Hope this helps. Just my 2 cents. It’s an important matter. That’s why we’re posting back to you!! Wintertime paddling is AWESOME (especially in snow!!!) but the hands—they gotta work for you. That said, I humbly  suggest….” less is more”…… you HAVE to be able to get hands in and hands out quickly.

I prefer the level six pogies (at era) they are really warm.

I use NRS reactor gloves.  Give good grip on the paddle and are quite warm (great for winter handpaddling).

I don’t do alot of winter paddling, below 32 degrees.
I like the hydroskin gloves.
I have tried poggies but didn’t like the feeling of having my hands stuck to the paddle. it made me nervous about how i would pull my skirt if missed my roll! anyhow, thanks for asking. i’ve liked hearing other peoples ideas.


Just curious why you are ruling out pogies – did you try a pair that you didn’t like?  Some pogies are pretty crummy but the right pair of pogies are hard to beat.  On a really cold day you can combine them with a thin pair of gloves.  For me, IR Microwaves are ideal – wide opening and short so they are easy to get on and take off yet long enough to cover my wrists and keep my hands warm.  I add a pair of thin NRS gloves on exceptionally cold days.


My first pair of pogies was long and had a narrow opening – almost permanently soured me on pogies.  I had someone recommend the IR microwaves and decided to try them and I’m really glad I did.


I wore gloves for probably the first 4 years of my paddling career until one cold day at Balcony Falls I took one of them off to take some photos.  By the time I got back to my boat, I realized that the hand without the glove had dried off and was warm.  The hand in the wet glove was still numb and freezing.  From that time on, I didn’t wear gloves and found that, even though my hands were often freezing, they were better than when I wore gloves.  For some reason  I wasn’t interested in pogies at all.  Then on an even colder day at Foster Falls , I was seriously wondering if my hands were getting frost bit.  I could barely get them to grip the paddle they were so numb.  Someone with pogies mentioned how warm their hands were.  I didn’t believe them, so we swapped paddles.  It was the single biggest “AH HA” moment of my paddling career.  I got a pair of creeking pogies immediately after that trip and now absolutely swear by them.  They might just be the greatest invention ever.  Still don’t know why they work so well, but they do.  The pogies I have are stiff and short, they do not collapse around the wrist, I have no problems at all getting my hands in and out quickly, I hear lots of people talk about wearing latex gloves underneath their pogies, but personally I haven’t tried that yet.


I’ve used NRS Maverick gloves below freezing temps before and had my hands get hot & sweaty, and cold hands are normally a problem for me. The Hydrocuff really cuts down on the exchange of warm body heated water with cold river water. Also, NRS has it’s Reactor glove on sale in XS for $9.95. They say it is their warmest glove, has wrist straps but no Hydrocuff.

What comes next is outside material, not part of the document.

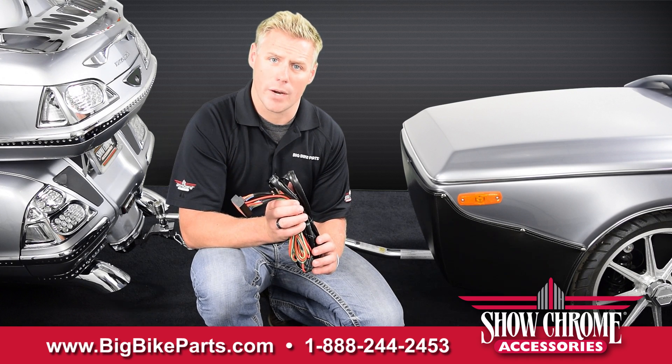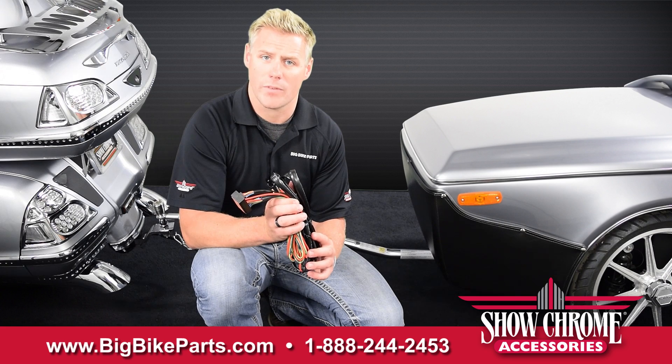There is not a plug included for the trailer on this, because each trailer manufacturer requires a different plug.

I prefer pogies too and have used my comfortably down to 28 or so.


As Leslie mentioned, another downside to pogies, is if you lose your paddle you lose you pogies. If you’re in a remote area this can be a problem, so I also keep a pair of latex dish gloves in my drybag that will work in a pinch….


I have nrs, and others I don’t need
Cheap!

If you change your mind on pogies, Snap Dragon has hypalon short style pogies that are great. Gloves (no personal experience) but NRS Maverick or Naturals look really good. Maverick is raw neoprene, which not as durable as a nylon faced material, is much warmer as it sheds water. If they don’t have loops, you can add them yourself. Check out Outdoorplay, Coloradokayaksupply, etc sites for other options.